* [MATERIAL PROVIDED]:
○ ○ ○ ○ ○ ○ ○
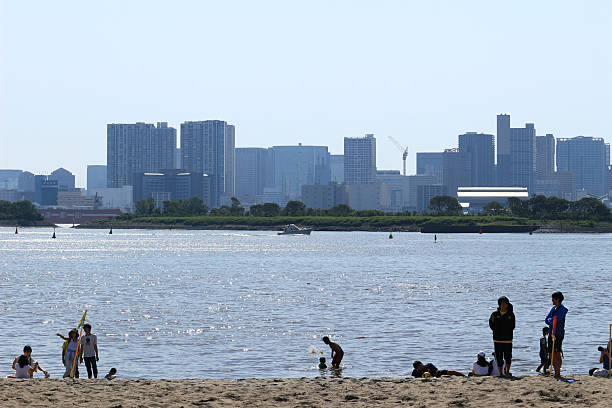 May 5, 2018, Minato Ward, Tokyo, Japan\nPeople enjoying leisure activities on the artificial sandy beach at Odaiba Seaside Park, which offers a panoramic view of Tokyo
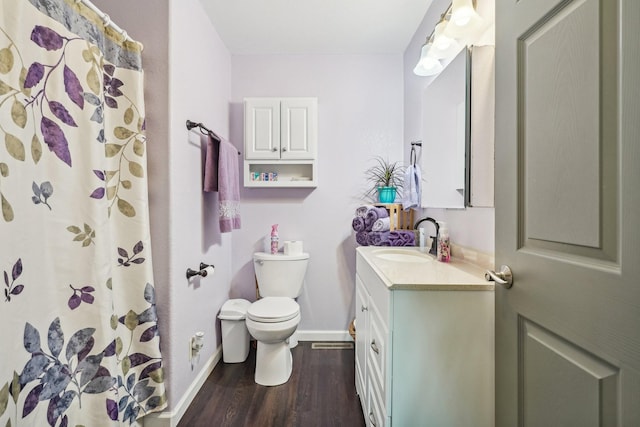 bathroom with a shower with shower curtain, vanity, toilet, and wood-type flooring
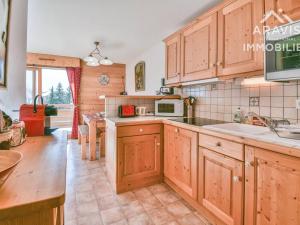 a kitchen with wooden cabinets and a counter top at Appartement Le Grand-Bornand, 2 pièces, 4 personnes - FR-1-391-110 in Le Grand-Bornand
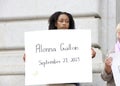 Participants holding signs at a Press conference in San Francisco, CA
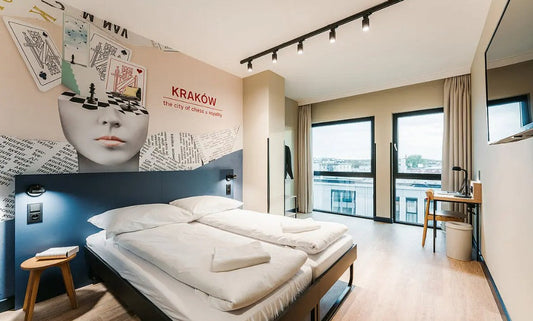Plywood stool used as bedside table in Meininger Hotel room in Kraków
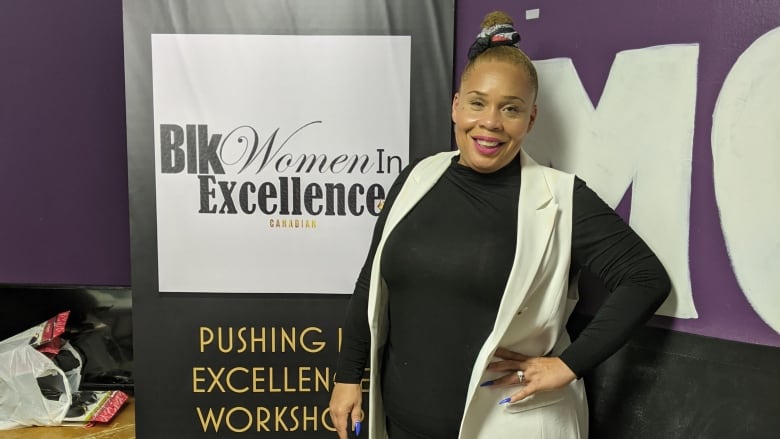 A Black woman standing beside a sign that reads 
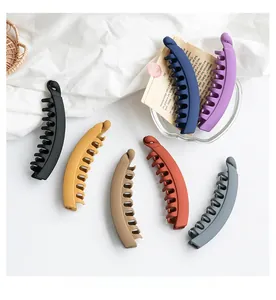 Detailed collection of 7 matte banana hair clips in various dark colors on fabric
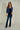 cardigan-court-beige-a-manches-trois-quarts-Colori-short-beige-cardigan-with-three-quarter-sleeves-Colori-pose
○ ○ ○ ○ ○ ○ ○
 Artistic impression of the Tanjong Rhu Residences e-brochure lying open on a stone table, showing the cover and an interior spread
○ ○ ○ ○ ○ ○ ○
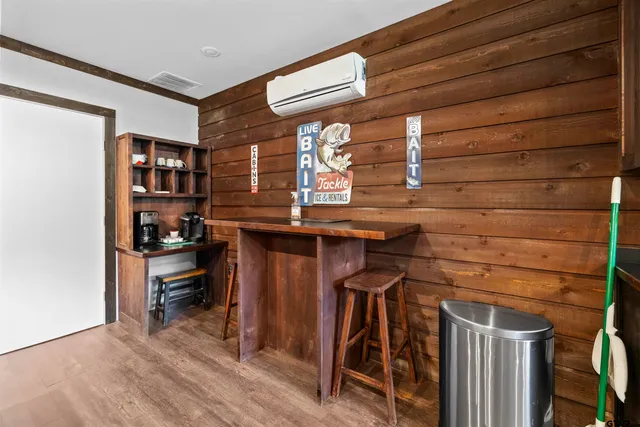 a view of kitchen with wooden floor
○ ○ ○ ○ ○ ○ ○
* [THE PROBLEM]: What you write out is the stretch of entries from the line containing "bathroom with a" to the line containing "A Black woman", word for word, with both end lines and no pictures.

* [EXPECTED ANSWER]:
 bathroom with a shower with shower curtain, vanity, toilet, and wood-type flooring
 a kitchen with wooden cabinets and a counter top at Appartement Le Grand-Bornand, 2 pièces, 4 personnes - FR-1-391-110 in Le Grand-Bornand
 Participants holding signs at a Press conference in San Francisco, CA
Plywood stool used as bedside table in Meininger Hotel room in Kraków
 A Black woman standing beside a sign that reads 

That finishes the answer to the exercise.